Assume in a certain year the number of credit obligors of a bank who are at risk of default is Poisson distributed with intensity $\lambda = 10$. Each individual obligor may actually default in that year with probability $p = 0.2$. Assume mutual independence of the obligors. Let $X$ be the number of obligors that default in that year. Show that $X$ is Poisson distributed and determine its intensity.
I denote $N$ the number of obligors at risk. And by using the identity $$P(X = k) = \sum_E P(X = k\mid N = n)P(N = n)$$ to find the pmf I think I am supposed to arrive at the Poisson distribution. $P(N=n)$ is already Poisson. I am having trouble figuring out the $P(X = k\mid N = n)$ and coming up with the probabilities of the pmf which need to be summed up to yield the final Poisson.
Hintage: $\mathsf P(X=k\mid N=n)$ is the probability of $k$ 'successes' in a sequence of $n$ independent trials, where 'success' means "obligator defaults" and has rate $p$.
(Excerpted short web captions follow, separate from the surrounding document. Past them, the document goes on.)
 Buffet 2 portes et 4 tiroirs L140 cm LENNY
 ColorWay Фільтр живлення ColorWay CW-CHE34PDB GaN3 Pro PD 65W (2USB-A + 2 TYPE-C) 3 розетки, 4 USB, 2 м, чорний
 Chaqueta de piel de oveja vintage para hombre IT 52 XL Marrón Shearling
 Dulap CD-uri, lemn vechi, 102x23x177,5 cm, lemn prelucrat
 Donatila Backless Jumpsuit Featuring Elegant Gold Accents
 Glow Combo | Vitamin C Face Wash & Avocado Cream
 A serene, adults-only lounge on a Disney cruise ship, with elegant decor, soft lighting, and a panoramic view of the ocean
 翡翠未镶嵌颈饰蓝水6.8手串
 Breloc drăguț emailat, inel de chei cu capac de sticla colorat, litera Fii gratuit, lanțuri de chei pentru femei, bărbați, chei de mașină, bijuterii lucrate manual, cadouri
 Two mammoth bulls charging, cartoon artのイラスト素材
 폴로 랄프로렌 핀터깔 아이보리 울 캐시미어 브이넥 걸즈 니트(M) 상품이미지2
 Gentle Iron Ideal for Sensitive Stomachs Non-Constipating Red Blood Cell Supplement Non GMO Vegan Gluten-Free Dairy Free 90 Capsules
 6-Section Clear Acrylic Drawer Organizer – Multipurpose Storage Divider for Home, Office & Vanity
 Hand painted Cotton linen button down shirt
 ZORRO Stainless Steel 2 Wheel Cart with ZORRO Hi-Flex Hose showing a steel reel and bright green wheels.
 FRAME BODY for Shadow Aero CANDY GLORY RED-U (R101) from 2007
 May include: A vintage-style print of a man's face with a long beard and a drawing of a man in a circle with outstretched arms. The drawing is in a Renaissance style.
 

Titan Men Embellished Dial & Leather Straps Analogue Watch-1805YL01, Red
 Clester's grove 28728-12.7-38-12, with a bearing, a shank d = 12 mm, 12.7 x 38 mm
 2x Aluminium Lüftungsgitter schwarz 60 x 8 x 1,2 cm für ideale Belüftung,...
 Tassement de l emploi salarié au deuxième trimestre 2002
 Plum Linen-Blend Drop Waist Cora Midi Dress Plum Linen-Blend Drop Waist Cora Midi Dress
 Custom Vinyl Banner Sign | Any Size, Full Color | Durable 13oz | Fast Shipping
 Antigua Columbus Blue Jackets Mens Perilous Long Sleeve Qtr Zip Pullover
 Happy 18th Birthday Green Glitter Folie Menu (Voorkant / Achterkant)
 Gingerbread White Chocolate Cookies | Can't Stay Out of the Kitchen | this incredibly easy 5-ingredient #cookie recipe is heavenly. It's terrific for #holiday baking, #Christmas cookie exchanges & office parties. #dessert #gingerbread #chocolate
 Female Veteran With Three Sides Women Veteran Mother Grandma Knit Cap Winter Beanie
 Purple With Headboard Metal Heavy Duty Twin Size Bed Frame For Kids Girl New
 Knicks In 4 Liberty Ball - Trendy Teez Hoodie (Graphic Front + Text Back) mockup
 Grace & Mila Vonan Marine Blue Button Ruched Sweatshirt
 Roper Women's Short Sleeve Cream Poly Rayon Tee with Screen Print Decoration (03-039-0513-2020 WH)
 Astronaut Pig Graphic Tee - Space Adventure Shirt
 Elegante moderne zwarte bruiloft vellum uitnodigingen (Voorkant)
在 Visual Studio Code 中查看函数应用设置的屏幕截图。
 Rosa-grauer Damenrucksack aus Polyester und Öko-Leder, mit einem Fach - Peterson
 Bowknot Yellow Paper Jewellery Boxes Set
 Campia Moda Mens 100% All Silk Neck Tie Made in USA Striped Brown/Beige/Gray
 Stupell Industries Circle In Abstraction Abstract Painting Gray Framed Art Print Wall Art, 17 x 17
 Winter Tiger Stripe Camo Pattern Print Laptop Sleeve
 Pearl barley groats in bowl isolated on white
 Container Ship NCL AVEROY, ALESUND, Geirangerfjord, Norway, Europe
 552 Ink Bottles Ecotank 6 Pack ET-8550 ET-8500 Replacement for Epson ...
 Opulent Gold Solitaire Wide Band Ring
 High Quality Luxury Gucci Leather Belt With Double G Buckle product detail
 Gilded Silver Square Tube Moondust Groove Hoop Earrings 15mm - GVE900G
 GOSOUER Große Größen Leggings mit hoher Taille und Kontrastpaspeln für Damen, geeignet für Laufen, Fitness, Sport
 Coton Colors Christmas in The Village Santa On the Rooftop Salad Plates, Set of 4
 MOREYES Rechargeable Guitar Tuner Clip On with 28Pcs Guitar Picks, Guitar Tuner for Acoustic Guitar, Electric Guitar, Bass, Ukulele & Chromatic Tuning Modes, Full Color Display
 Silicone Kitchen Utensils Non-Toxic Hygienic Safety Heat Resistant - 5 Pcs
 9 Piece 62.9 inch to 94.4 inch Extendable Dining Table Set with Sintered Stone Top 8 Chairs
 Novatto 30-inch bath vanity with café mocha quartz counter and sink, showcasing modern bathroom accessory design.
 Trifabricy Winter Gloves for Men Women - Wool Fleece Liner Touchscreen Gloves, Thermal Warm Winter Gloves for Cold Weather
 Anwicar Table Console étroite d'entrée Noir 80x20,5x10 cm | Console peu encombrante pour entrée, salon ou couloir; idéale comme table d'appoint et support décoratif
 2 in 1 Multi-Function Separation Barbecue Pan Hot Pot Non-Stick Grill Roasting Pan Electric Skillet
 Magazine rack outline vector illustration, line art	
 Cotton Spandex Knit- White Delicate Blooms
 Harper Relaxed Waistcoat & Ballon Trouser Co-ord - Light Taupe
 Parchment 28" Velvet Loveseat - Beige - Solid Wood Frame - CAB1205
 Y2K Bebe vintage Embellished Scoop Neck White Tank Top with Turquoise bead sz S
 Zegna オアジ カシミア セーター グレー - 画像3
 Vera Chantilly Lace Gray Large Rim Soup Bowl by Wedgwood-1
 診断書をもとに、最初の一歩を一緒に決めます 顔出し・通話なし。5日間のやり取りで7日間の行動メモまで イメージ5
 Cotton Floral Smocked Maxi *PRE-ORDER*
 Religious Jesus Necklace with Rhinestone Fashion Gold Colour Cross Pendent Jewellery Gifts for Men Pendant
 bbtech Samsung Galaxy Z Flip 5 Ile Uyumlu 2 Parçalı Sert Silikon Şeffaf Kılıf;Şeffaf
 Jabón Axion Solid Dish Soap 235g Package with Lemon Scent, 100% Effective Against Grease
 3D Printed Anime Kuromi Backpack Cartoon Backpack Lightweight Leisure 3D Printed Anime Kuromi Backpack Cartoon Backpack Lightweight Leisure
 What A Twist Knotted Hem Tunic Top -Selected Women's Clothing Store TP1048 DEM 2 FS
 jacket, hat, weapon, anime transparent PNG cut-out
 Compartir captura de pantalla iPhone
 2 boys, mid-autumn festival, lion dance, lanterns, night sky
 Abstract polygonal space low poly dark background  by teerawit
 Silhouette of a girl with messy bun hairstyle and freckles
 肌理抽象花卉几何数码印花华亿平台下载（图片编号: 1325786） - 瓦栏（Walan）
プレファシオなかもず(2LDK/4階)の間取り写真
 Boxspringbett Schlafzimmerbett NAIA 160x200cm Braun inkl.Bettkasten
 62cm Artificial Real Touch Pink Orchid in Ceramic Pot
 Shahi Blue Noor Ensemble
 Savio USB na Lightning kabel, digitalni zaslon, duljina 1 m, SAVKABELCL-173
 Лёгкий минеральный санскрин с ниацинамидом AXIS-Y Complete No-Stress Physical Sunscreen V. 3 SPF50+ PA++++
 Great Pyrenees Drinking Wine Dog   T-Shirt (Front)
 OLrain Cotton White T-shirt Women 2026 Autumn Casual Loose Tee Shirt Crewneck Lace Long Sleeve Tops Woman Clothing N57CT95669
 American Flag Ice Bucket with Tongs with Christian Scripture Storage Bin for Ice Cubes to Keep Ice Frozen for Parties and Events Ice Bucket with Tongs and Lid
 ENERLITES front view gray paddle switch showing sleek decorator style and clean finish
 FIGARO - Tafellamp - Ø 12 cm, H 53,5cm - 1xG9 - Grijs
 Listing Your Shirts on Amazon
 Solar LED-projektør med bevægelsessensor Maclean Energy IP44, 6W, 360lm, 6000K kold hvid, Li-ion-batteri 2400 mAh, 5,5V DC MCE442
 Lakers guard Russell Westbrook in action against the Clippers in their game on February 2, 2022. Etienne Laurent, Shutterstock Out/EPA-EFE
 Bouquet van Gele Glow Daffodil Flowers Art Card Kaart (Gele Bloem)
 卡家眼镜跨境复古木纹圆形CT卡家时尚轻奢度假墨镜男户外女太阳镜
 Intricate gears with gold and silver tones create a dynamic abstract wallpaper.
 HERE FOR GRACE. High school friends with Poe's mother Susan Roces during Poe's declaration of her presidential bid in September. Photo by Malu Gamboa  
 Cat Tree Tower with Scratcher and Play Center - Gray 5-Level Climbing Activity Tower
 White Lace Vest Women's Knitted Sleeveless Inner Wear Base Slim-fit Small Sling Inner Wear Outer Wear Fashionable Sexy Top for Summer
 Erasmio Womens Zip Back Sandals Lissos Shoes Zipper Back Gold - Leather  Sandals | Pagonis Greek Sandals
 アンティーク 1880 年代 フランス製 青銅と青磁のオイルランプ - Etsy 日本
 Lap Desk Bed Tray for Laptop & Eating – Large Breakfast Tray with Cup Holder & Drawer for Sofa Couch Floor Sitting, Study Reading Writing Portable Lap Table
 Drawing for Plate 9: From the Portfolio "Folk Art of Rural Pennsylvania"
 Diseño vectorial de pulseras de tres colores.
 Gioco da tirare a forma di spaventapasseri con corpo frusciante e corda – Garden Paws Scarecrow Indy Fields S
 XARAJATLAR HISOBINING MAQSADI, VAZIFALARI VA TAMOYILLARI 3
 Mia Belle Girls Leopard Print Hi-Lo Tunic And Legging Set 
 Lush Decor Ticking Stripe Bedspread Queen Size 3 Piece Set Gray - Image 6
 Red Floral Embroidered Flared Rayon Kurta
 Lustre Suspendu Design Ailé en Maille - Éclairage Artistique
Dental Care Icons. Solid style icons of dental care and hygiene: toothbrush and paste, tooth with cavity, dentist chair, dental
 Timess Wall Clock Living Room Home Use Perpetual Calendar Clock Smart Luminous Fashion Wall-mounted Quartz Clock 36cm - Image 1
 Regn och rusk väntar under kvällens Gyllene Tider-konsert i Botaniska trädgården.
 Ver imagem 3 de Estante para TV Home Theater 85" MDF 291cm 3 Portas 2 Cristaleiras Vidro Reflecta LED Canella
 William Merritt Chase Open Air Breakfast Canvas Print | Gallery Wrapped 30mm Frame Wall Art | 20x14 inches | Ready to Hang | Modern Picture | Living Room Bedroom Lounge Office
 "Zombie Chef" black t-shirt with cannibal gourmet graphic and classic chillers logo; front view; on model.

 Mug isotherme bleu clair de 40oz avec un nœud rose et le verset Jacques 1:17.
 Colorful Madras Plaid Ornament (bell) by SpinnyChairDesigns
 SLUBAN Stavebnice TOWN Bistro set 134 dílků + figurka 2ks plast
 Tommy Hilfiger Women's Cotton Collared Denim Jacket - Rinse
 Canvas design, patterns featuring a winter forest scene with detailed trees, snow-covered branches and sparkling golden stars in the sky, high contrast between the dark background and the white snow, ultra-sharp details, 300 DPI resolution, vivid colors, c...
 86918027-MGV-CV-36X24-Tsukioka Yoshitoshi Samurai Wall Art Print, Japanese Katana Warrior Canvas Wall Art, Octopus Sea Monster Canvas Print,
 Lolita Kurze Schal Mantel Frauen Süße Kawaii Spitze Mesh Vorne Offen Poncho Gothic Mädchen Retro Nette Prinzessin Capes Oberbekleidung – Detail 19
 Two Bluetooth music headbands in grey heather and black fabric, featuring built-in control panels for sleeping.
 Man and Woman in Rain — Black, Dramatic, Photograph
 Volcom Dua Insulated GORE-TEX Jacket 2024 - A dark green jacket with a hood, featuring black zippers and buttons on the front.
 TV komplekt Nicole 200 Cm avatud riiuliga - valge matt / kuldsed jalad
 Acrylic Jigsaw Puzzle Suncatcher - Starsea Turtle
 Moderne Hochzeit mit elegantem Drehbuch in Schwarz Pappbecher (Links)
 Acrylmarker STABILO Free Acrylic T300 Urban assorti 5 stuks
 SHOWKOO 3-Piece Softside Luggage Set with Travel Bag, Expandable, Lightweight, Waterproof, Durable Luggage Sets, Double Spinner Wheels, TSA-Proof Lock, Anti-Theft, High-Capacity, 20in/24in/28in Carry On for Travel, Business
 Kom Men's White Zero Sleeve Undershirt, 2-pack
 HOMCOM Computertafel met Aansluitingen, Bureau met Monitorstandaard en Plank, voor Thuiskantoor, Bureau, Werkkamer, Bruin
Do you recognise this distribution now?
PS: $E\equiv \{n\mid n\in\{k,\ldots,\infty\}\}$, because you cannot have more successes than trials.
Just substitute the p.m.f. to get: $~\sum\limits_{n=k}^\infty \dfrac {n!~p^k~(1-p)^{n-k}}{ k!~(n-k)!}\cdotp\dfrac{\lambda^n e^{-\lambda}}{n!}~$, cancel common factors, move unbound factors to the left of the sigma sign, and simplify the series with a change of variables.
The "trick" then lies in recalling the Taylor series expansion $~e^t = \sum\limits_{m=0}^\infty \dfrac{t^m}{m!}~$.